The optional variables_description may be formed using the elements:

• “colhead=int”, number of table rows to be treated as column headers.

• “na="arg1"”, text used to represent observations that are missing from the file. The text should be enclosed on double quotes.

• “scan=[int| all]”, number of rows of the table to scan during automatic format detection (“scan=all” scans the entire file).

• “firstobs=int”, first observation to be imported from the data (default is 1). This option may be used to start reading rows from partway through the table.

• “lastobs = int”, last observation to be read from the data (default is last observation of the file). This option may be used to read only part of the file, which may be useful for testing.

Excel Examples

matrix_name.import "c:\data files\data.xls"

loads the active sheet of DATA.XLSX into the MATRIX_NAME matrix object.

matrix_name.import "c:\data files\data.xls" range="GDP data"

reads the data contained in the “GDP data” sheet of “Data.XLS” into the MATRIX_NAME object.

HTML Files

The syntax for reading HTML pages is:

matrix_name.import(type=html) source_description [table_description] [variables_description]

The following table_description elements may be used when reading an HTML file or page:

• “table = arg”, where arg specifies which HTML table to read in an HTML file/page containing multiple tables.

When specifying arg, you should remember that tables are named automatically following the pattern “Table01”, “Table02”, “Table03”, etc. If no table name is specified, the largest table found in the file will be chosen by default. Note that the table numbering may include trivial tables that are part of the HTML content of the file, but would not normally be considered as data tables by a person viewing the page.

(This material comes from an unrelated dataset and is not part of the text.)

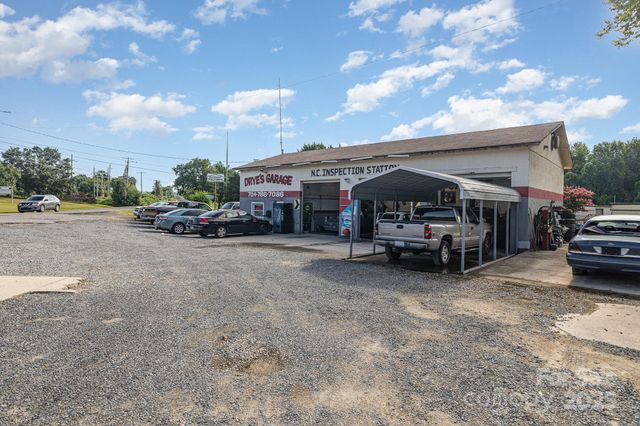 347 Wilshire Avenue SW, Concord, NC 28025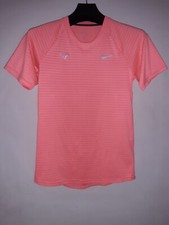 Tennis shirt Nike Nadal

• “skip = int”, where int is the number of rows to discard from the top of the HTML table.

• “byrow”, transpose the incoming data. This option allows you to import files where the series are contained in rows (one row per series) rather than columns.

The optional variables_description may be formed using the elements:

• “colhead=int”, number of table rows to be treated as column headers.

• “na="arg1"”, text used to represent observations that are missing from the file. The text should be enclosed on double quotes.

• “scan=[int|all]”, number of rows of the table to scan during automatic format detection (“scan=all” scans the entire file).

• “firstobs=int”, first observation to be imported from the table of data (default is 1). This option may be used to start reading rows from partway through the table.

• “lastobs = int”, last observation to be read from the table of data (default is last observation of the file). This option may be used to read only part of the file, which may be useful for testing.

HTML Examples

mat1.import "c:\data.html"

loads into the MAT1 matrix object the data located in the HTML file “Data.HTML” located on the C:\ drive

mat1.import(type=html) "http://www.tradingroom.com.au/apps/mkt/forex.ac" colhead=3

loads into a matrix object MAT1 the data with the given URL located on the website site “http://www.tradingroom.com.au”. The column header is set to three rows.

Text and Binary Files

The syntax for reading text or binary files is:

matrix_name.import(type=arg) source_description [table_description] [variables_description]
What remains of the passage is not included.